# Sucker Punch



## Guild McCommunist (Mar 27, 2011)

Well, I saw it yesterday and it was pretty good. It's a Zack Snyder flick and that's pretty much it. But that's hardly a bad thing if you're into super awesome stylish guy flicks packed with awesome action and cinematography.

I read some reviews beforehand saying it's bad or even "the worst movie made", but it's just a guy flick in all its glory. I mean, it crams almost every single sector of action flicks.

It's basically Inception meets 300 though, and it's pretty good. What do you guys think?

EDIT: The soundtrack is also worth a listen. It's got a pretty awesome Queen I Want It All/We Will Rock You mash-up on it and a nice cover of Sweet Dreams. It's like songs with vocals too so it's not just generic white noise and it's pretty much electronica. One of the few movie soundtracks I'd actually listen to (although the Tron soundtrack and Social Network ones were good too).


----------



## Deleted User (Mar 27, 2011)

I think I should go too now I'm convinced it's not that bad. thank you Guild!


----------



## KingAsix (Mar 27, 2011)

Two of my friend have seen it and said it was awesome. Im suppose to go with my mom to see it soon...My mom likes movies where females are kick ass


----------



## KingdomBlade (Mar 28, 2011)

Nope. Hated it. It was disguised in eye-candy visuals but had a horribly shallow and useless plot. It had cliched dialog and bad development. It had this desperate eroticism that was not really that erotic. Sure it had action and shit, but it's kind of like Transformers, it was ALL action. Too much action, not enough story.

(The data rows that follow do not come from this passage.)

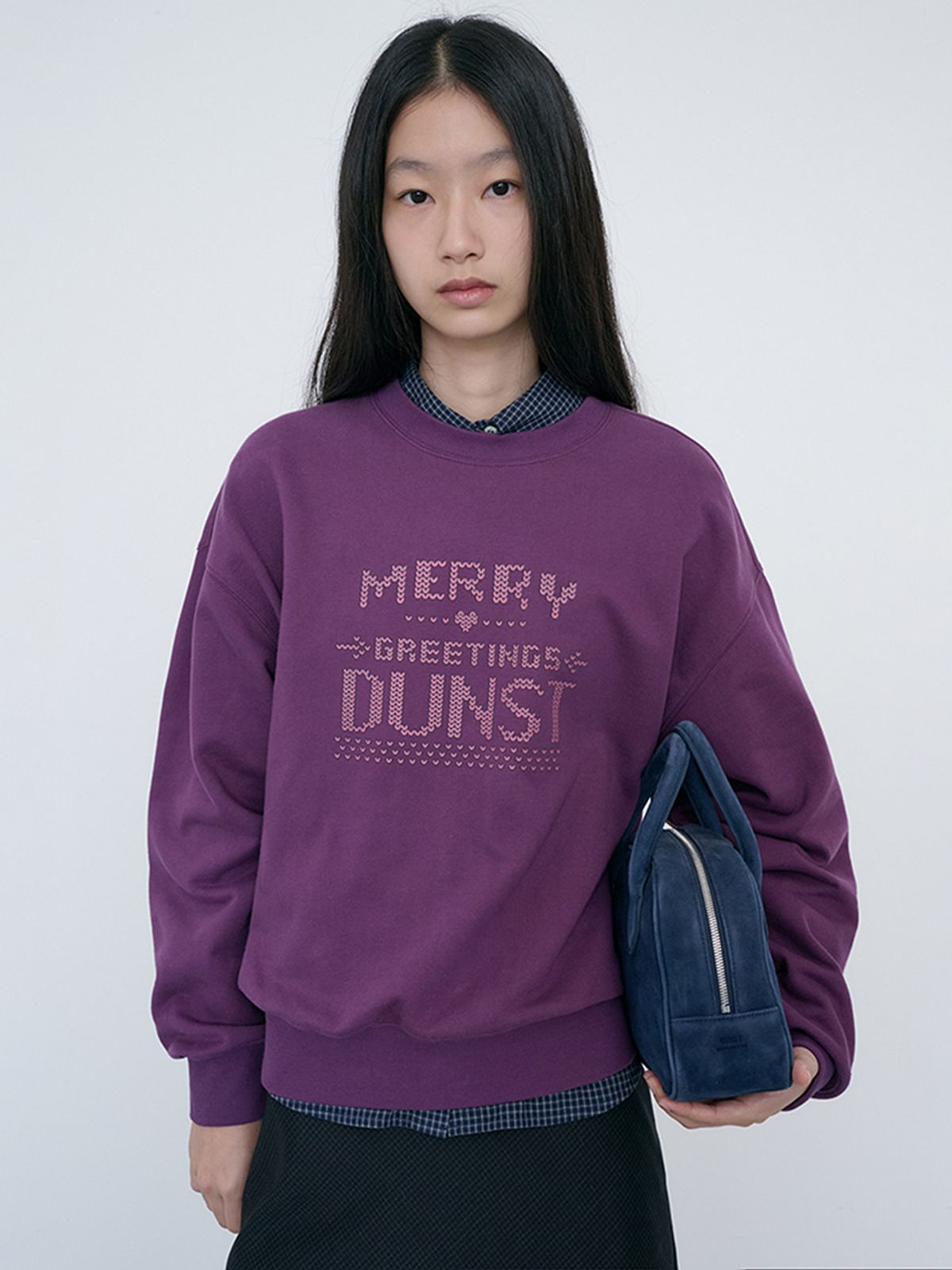 던스트(DUNST) UNISEX PIXEL SWEATSHIRT_UDTS6C113_PURPLE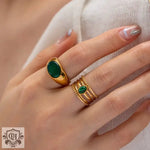 18K Gold Chain Link Chrysoprase Geometric Ring - QH Clothing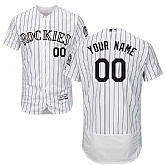 Colorado Rockies Customized Majestic Flexbase Collection Stitched Baseball WEM Jersey - White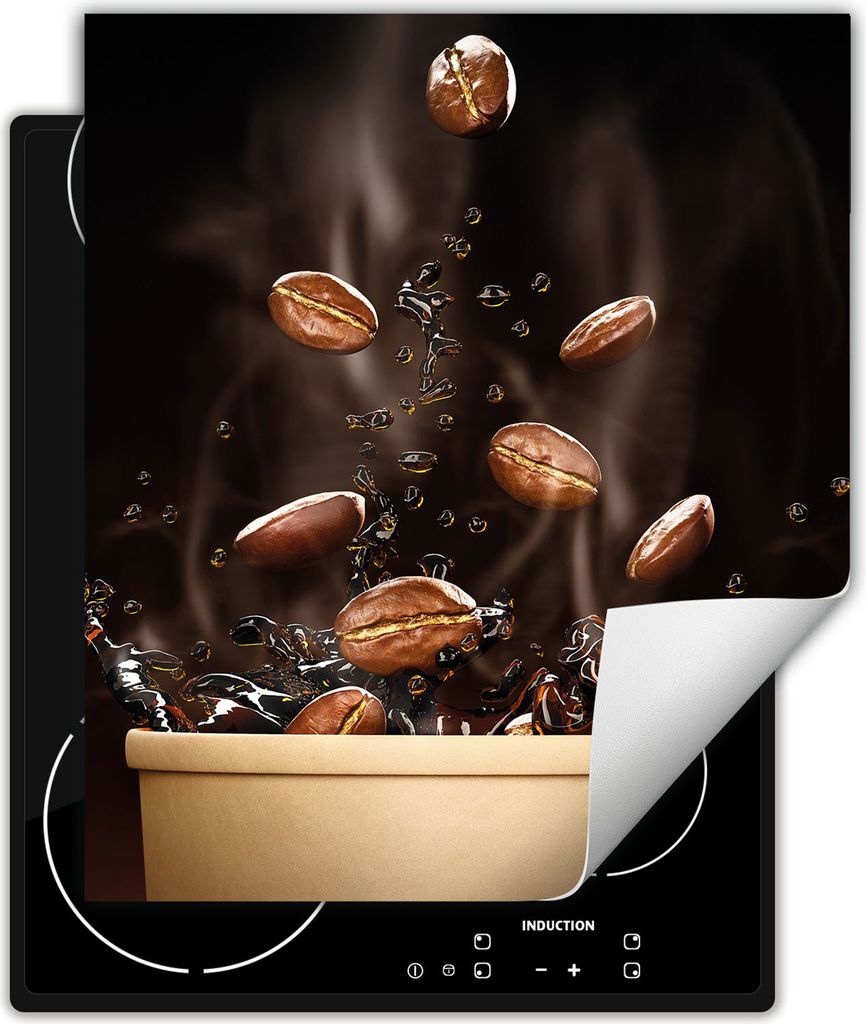 DarHaus Herdabdeckplatte 45x52 cm Anti Rutsch Matte Aufrollbar, Kaffee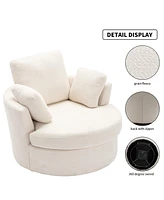 Streamdale Furniture Cozy Oversized Swivel Chair with Pillows for Living Room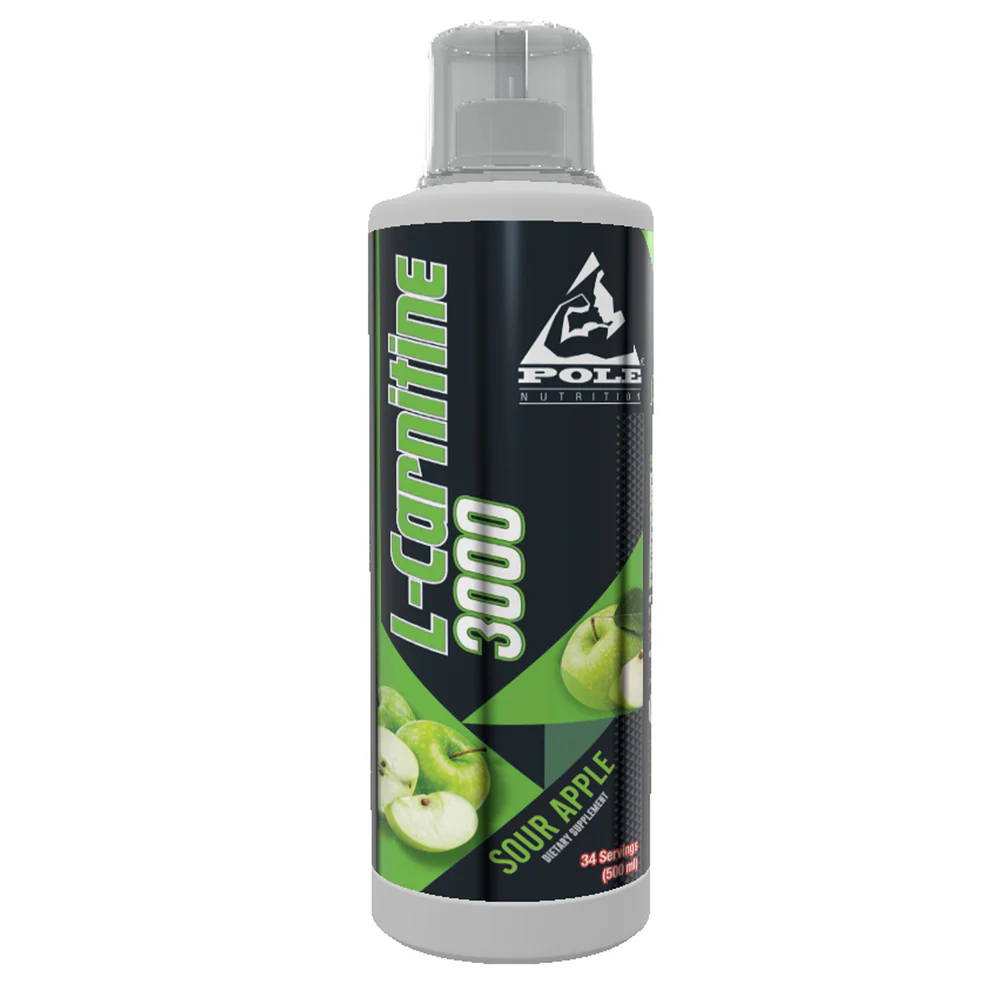 3000mg Liquid L-Carnitine Tartrate - Pole Nutrition Green Apple Formula for Enhanced Bioavailability - 34 Servings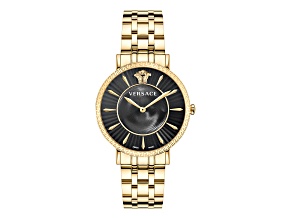 V-Eternal Watch 38MM Yellow Case Black Guilloché Dial Yellow Bracelet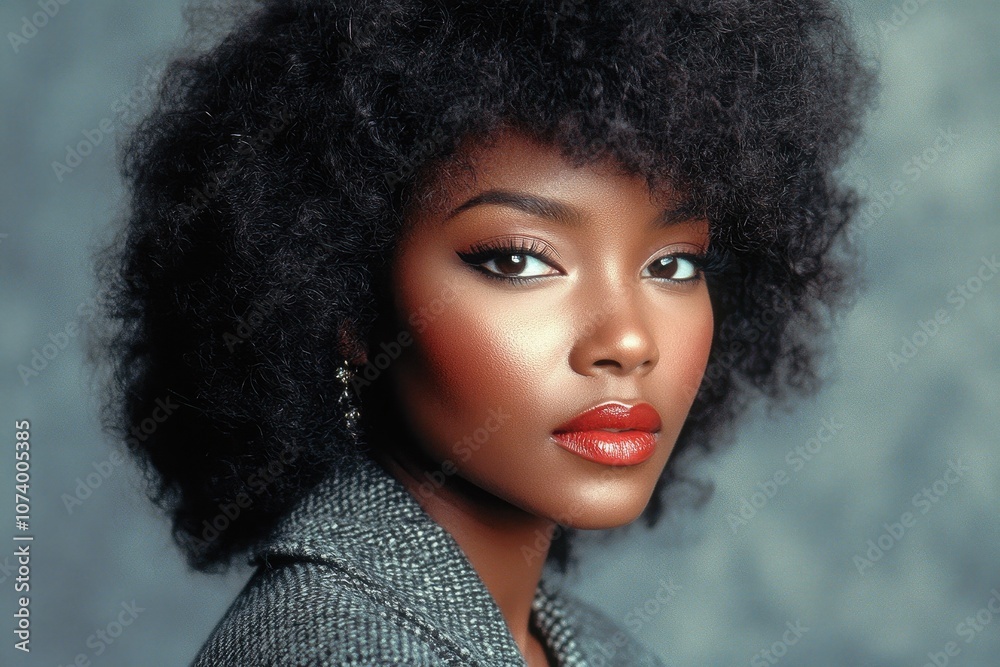Close up of a woman with afro hair. Perfect for illustrating articles about beauty, fashion, and empowerment. Close up of a woman with afro hair. Perfect for illustrating articles about beauty, fashion, and empowerment.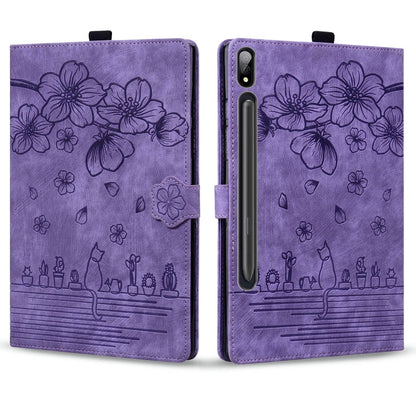 For Samsung Galaxy Tab S9 /S8 /S7 Cartoon Sakura Cat Embossed Smart Leather Tablet Case(Purple) - Galaxy Tab S9 Cases by buy2fix | Online Shopping UK | buy2fix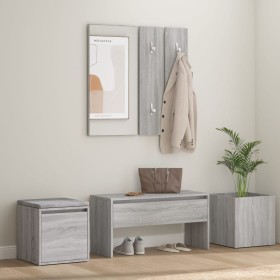 Set de muebles de recibidor madera contrachapada gris Sonoma en Bancos para recibidores y almacenamiento | Comprar online en For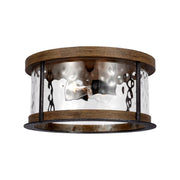 Angelo 14" 2-Light Flush Mount, Slate Grey Metal & Wood Finish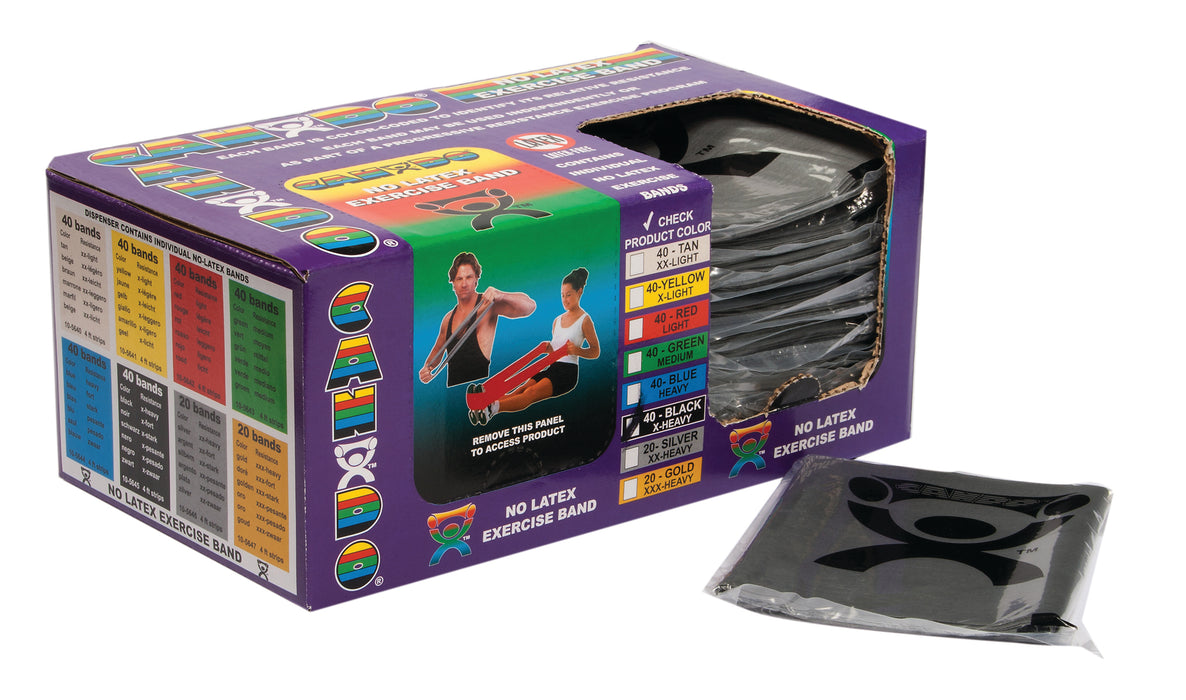 CanDo 10-5645 Latex Free Exercise Band - Box Of 40, 4' Length - Black - X-Heavy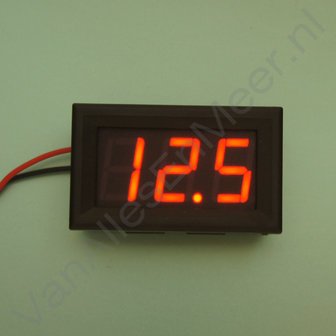 Digitale voltmeter met display 3,2-30,0V Rood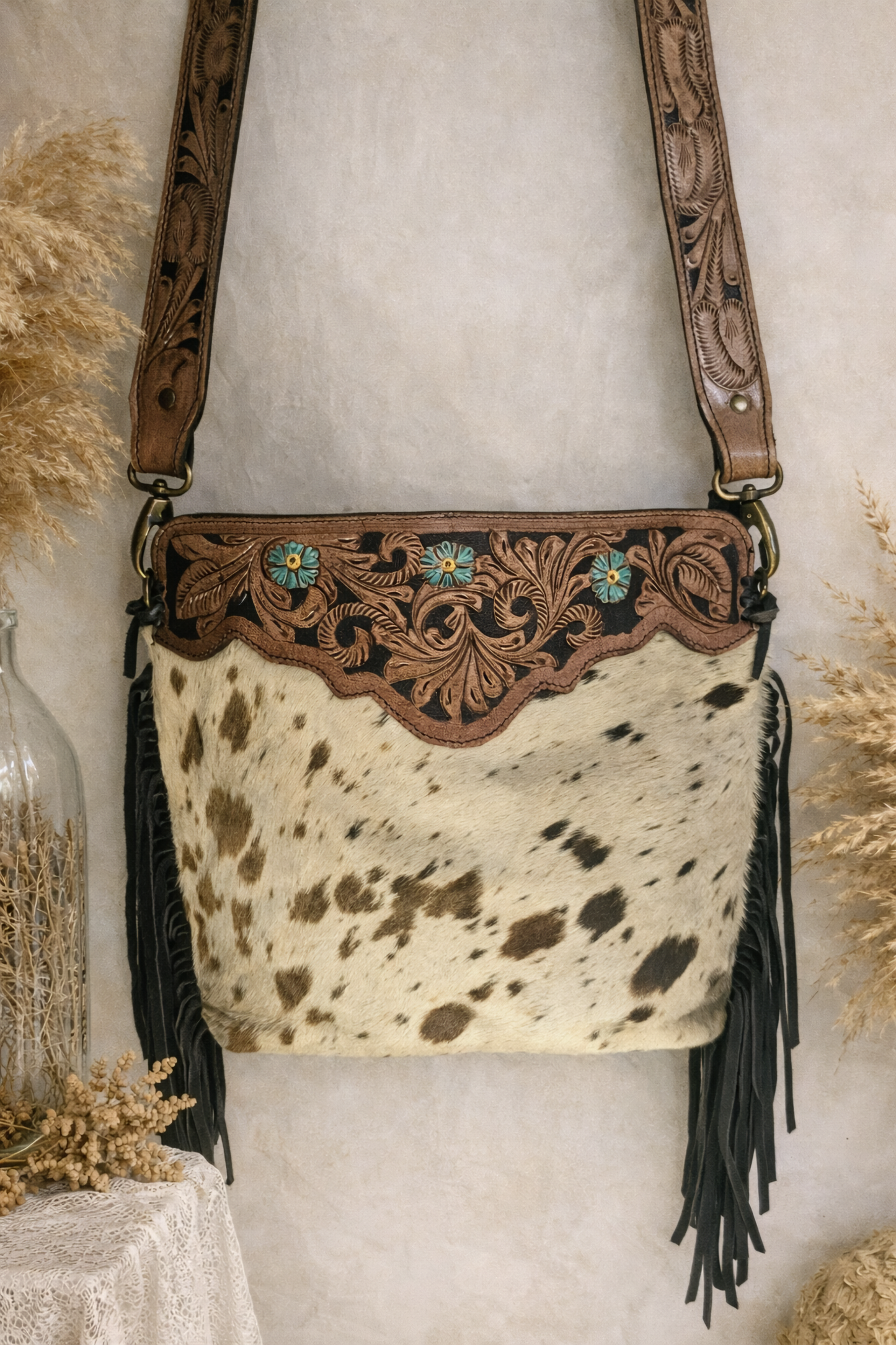 Cowhide & Leather Fringe Bag | Fern Glade Luxe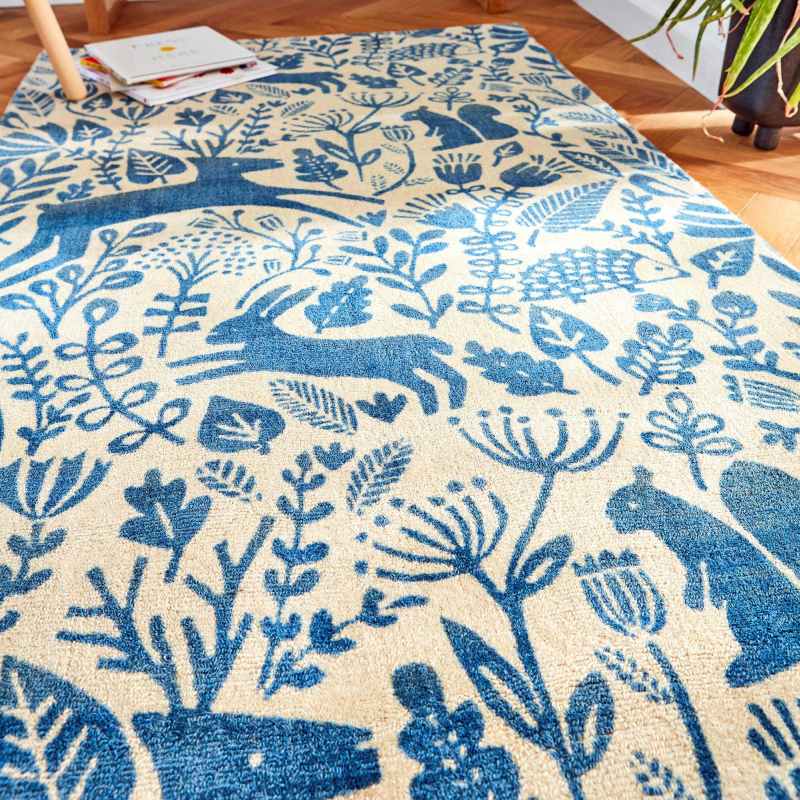 Kelda Woodland Rugs by Scion in 023508 Cobalt Blue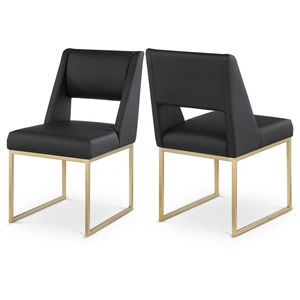 Meridian Furniture Jayce Boucle Fabric Dining Chair with Iron Base (Set of 2)
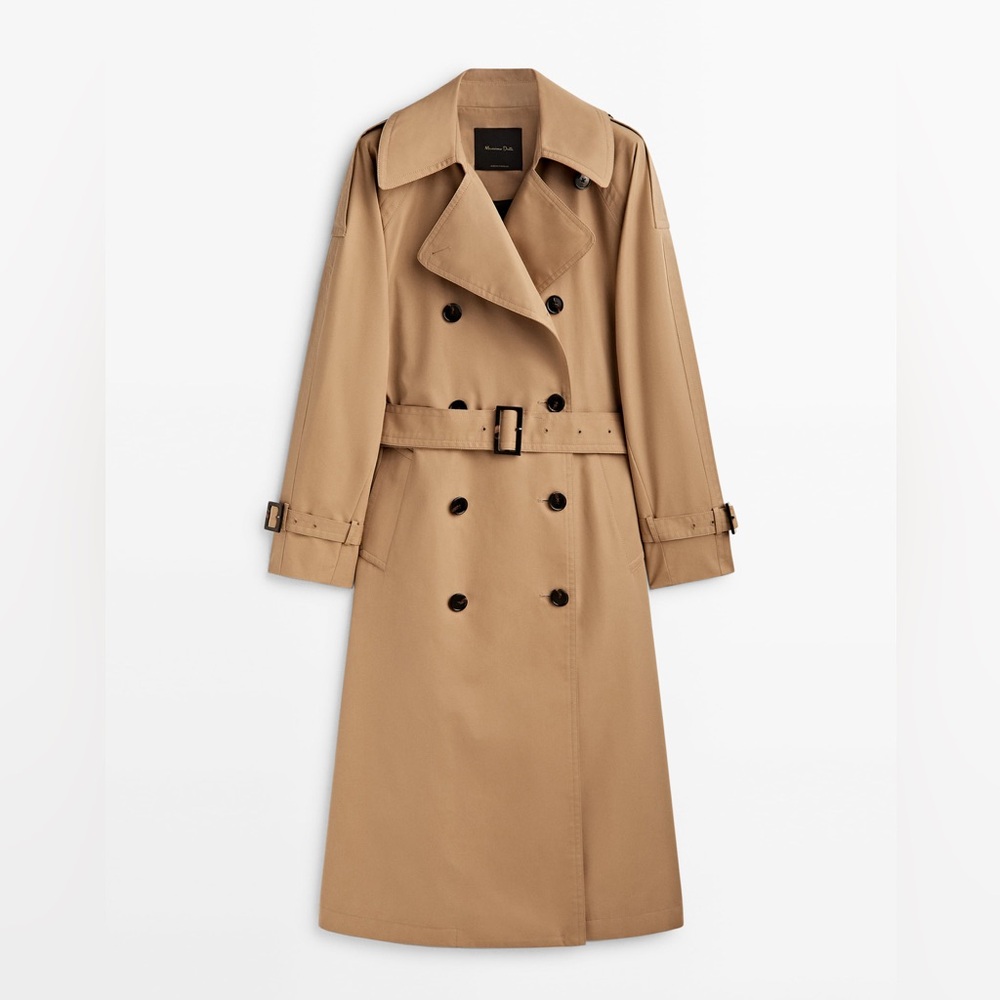 Massimo Dutti trench coat duster casual classic camel tan beige with belt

It bored me. Yeah sure, if you like turning your brain off that's fine, but that doesn't work for me. It was all a bunch of action that they mashed together with a stupid and meaningless plot. This is perhaps the best example of a movie that places style over substance. (no, wait, that's the second Transformers movie, my bad) 

But the effects were very good, I admit that. That means it's fodder for the people who don't care about the plot and want to look at pretty action. (the same people that earned the Transformers movie so much money)

I mean, I don't have anything against Zack Snyder (I loved Watchmen), but this is a really, really mediocre film.


----------



## The Catboy (Mar 28, 2011)

I saw it yesterday and have to say that I liked the movie.
I mostly loved the music though! I really want that sound track! >.


----------



## Deleted member 473940 (Mar 28, 2011)

I havent watched it, but I might! 
	

	
	
		
		

		
			





And the title remineded me of a pokemon attack "Sucker Punch" 
	

	
	
		
		

		
		
	


	




!
(how does Dugtrio use Sucker Punch lol)


----------



## KingdomBlade (Mar 28, 2011)

Tanveer said:
			
		

> I havent watched it, but I might!
> 
> 
> 
> ...



It has Wolverine-like claws and hands underneath. (same reason it can use Slash)


----------



## Guild McCommunist (Mar 28, 2011)

KingdomBlade said:
			
		

> I mean, I don't have anything against Zack Snyder (I loved Watchmen), but this is a really, really mediocre film.



Well that's because it's fucking Watchmen. That movie had a lot to do with plot compared to Snyder's other films (like the man-fest 300 and this one). I mean the plot in this one wasn't exactly bad and they pulled a decent Inception-type layering, but it was primarily a man-flick. High action, little else.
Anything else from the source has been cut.